阮瓷瓷還在查看有關虞衍書的劇情內容,順著樓梯往前走,聽見裏頭傳來打鬥聲,以為是那群匪徒找上門來了,趕緊踹開門救人。
不過裏頭的景象讓他覺得意外極了,薛晉死死鉗製著青年的脖頸,一雙黑眸惡狠狠的攜著怒氣,高聲喊道:“把你做的好事同阮瓷瓷好好說說!”
比起他那麼衝動暴躁,青年唇角滲血,看著柔弱又可憐,“抱歉仙尊,迷藥的事情是我讓護衛去做的。”
狐狸眸子水瑩瑩的轉到阮瓷瓷臉上,虞衍書認完錯,一邊帶著病氣的咳嗽出聲。
薛晉對他這樣的道歉很不滿意,畢竟他也算是偷偷跟了阮瓷瓷他們一路,從迷藥到蒙麵人劫道,哪個不是要人命的壞事!
他這樣想著,心裏的怒氣更加壓抑不住,捏起拳頭就想往虞衍書臉上砸。
阮瓷瓷反應完了前因後果,趕緊上去拽住了薛晉:“你方才打也打過了,就別再繼續欺負他了。”
“我欺負他??”
薛晉眉頭緊鎖,抬起的手臂頓在半空,一副難以置信的模樣。
阮瓷瓷扶著虞衍書坐到位置上,掏出白帕子遞過去,目色清越,帶著肉眼可見的憐憫。
虞衍書接過他遞來的帕子,唇邊笑意漸微:“仙尊用不著可憐我,心疾難醫,能活到這個年歲,我已經知足了。”

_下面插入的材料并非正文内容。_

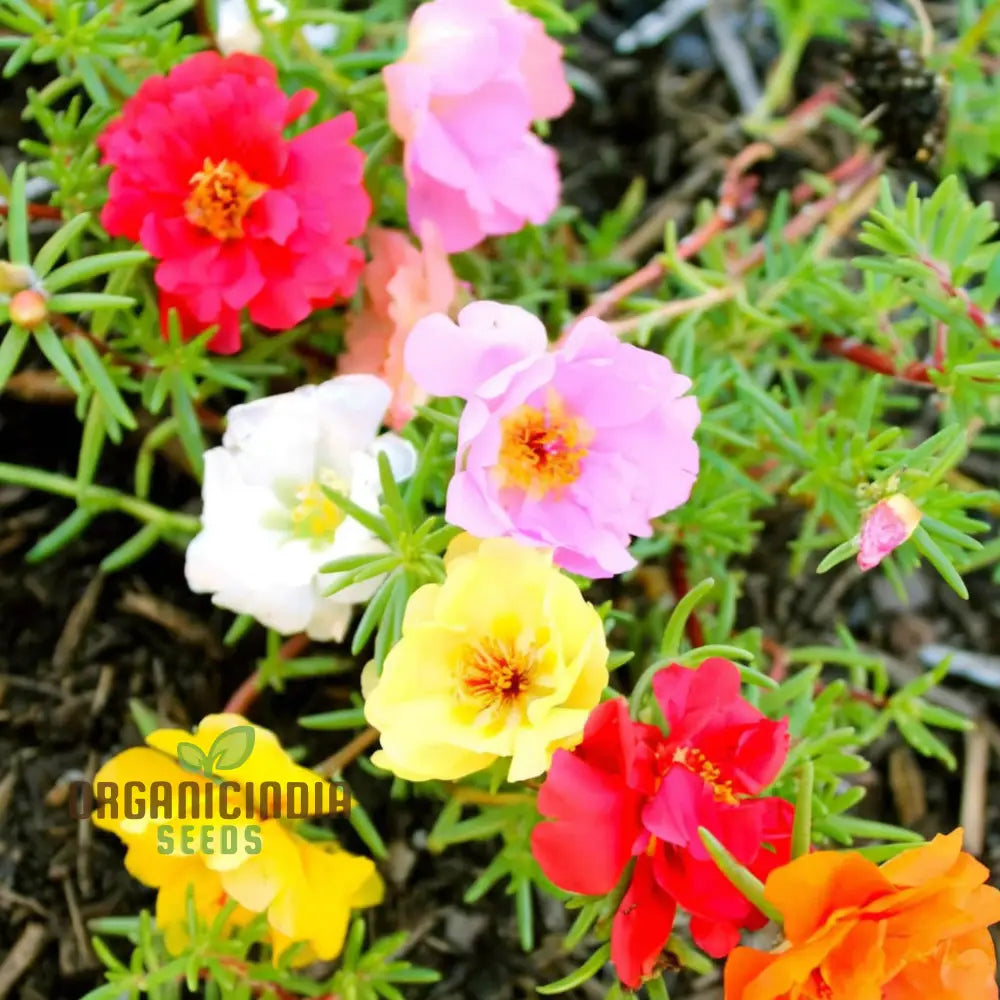 Scarlet purslane blooms in full sun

薛晉沒明白他們兩個人在嘀咕什麼,不過看見虞衍書咳嗽聲不像是假的,這才有了些正形。
“你是有病對嗎?”
他冷不丁來了一句,虞衍書沉默片刻,低著頭並不回應他。
沒得到回複,薛晉也反射弧遲緩的反應出自己說的話不大好聽,幹脆也不和他們一起待在房間裏了,抱著手光明正大走出去。
他一走,阮瓷瓷看著虞衍書唇邊的青紫痕跡,覺得自己沒理由不向著一個身患絕症之人,低頭就把剩下的那些靈藥都給了出去。
能拖一時是一時吧,得了這種無藥可醫的病症,真讓人遺憾……
阮瓷瓷暗自歎了聲氣,望向虞衍書的眼神裏多了幾分同情。
虞衍書隻當沒感覺到他的目光,把那塊帕子細心折好捏在手心,看著他放到桌麵的藥罐子,眼底似有春波蕩漾:“仙長怎麼知曉我有心疾的?”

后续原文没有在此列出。